Experienced Carers advise allowing the person to take care of the self-harm injury themselves whenever possible.
“It was suggested to me after several cutting incidents that I should not always help clear up the mess, dress the wound etc. – this idea horrified me at first, as being against all a mother’s instincts, but it did actually help to stand back – it seemed to take some of the drama out of the situation.”
Cling film is useful for cuts as it keeps them clean until treated. Burns should be cooled in tepid (not ice) water and again covered in cling film until treated.

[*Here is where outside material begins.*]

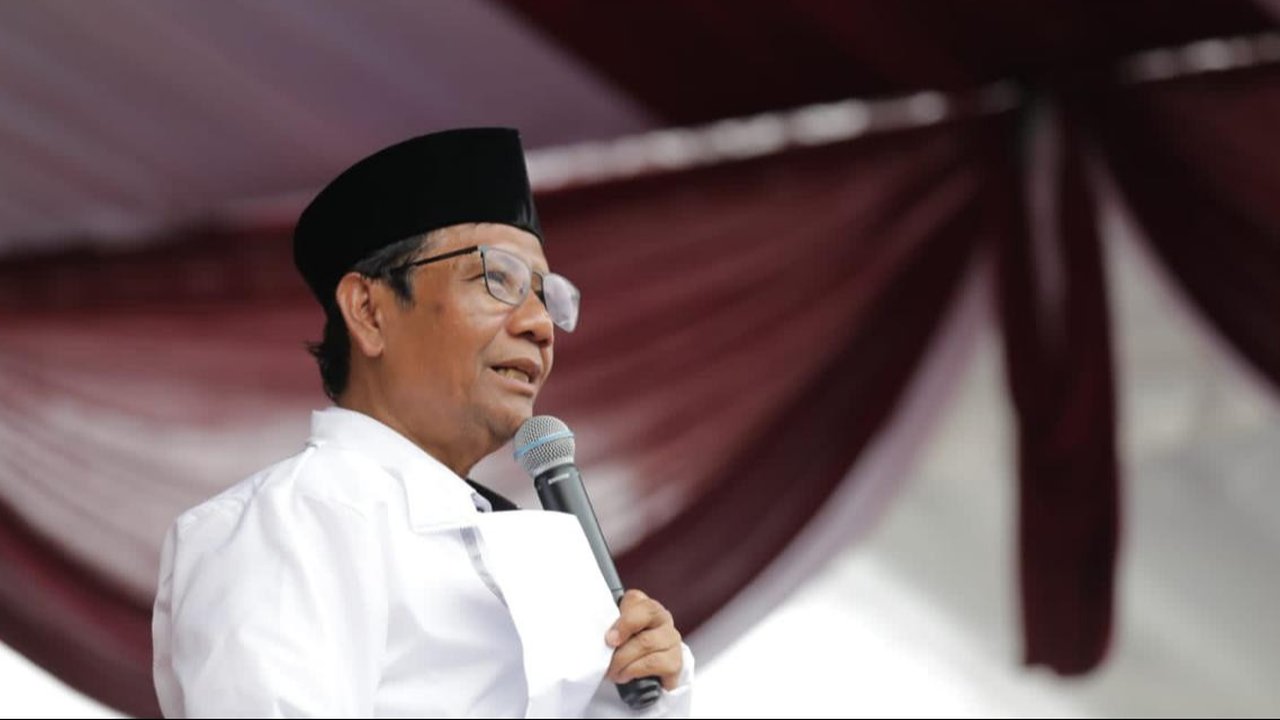 Calon Wakil Presiden Nomor Urut 3, Mahfud MD saat  bersilaturahmi ke Pondok Pesantren (Ponpes) Darussalam Tegal Rejo di Desa Marga Sakti, Kecamatan Padang Jaya, Kabupaten Bengkulu Utara, Provinsi Bengkulu, pada Selasa 6 Februari 2024. (Foto: Tim Media Mahfud MD).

The overall feeling is that it is safer to have a kit with sterile blades, plasters and bandages available – hard as it may be to accept this. Having the option readily available decreases stress levels and, hopefully, the self-harming too.
The following long list from the National Self Harm Network outlines some do’s and don’ts!
- Things to do
- Use different ways to communicate (such as texting).
- Give them the option to come to talk to you if they want to.
- Do they want to talk about what led to this individual episode (if anything)?
- Ask them what, if anything they would like you to do to help?
- If they are willing to talk encourage them to seek professional help, learn coping strategies and use support groups and support forums.
- Let them remain in control as much as possible (many people who self-harm feel they have lack of control over their lives and feelings)
- Learn all you can about self-harm
- Show them that you care and can see the person beyond the selfharm. Be positive and try to focus on their strengths.
- Offer distractions. Talk about things not related to self-harm, watch a film together, go for a
walk, but respect requests for time on their own.
- Get help for dealing with and understanding your own feelings.
- Only help as much as you feel able too. You need to look after your own wellbeing too.
Things to avoid
- Don’t suggest this is something that should be kept secret and wrong to talk about or that they have to talk about it.
- Don’t force them into getting help or take control away from them. If they are not ready this may cause them to withdraw from you.
- Don’t assume every episode of self-harm is for the same reason.
- Don’t assume what they need/ want or act without discussing it and being sure they are
comfortable with it.
- Don’t try to make them stop (e.g. by removing tools), give ultimatums or do things that they aren’t comfortable with.
- Never ask them to promise they won’t harm themselves. This only adds pressure.
- Don’t tell them what they are doing is wrong or be judgemental.
- Never jump to conclusions.
- Don’t change your perspective of them as a person. They are an individual, not a ‘self-harmer’!
- Don’t blame yourself or take it personally.
- Don’t get angry with them, shout at them, or show shock after self-harm. You may feel this way, but expressing it may cause more anxiety and make the individual feel guilty.
- Don’t blame them for making you worry, or talk about how much this is impacting on you. This may make them feel even more guilty and lead to further self-harm.
- Don’t assume they always need to talk about the self-harm if they are low, or not allow them any time and space alone.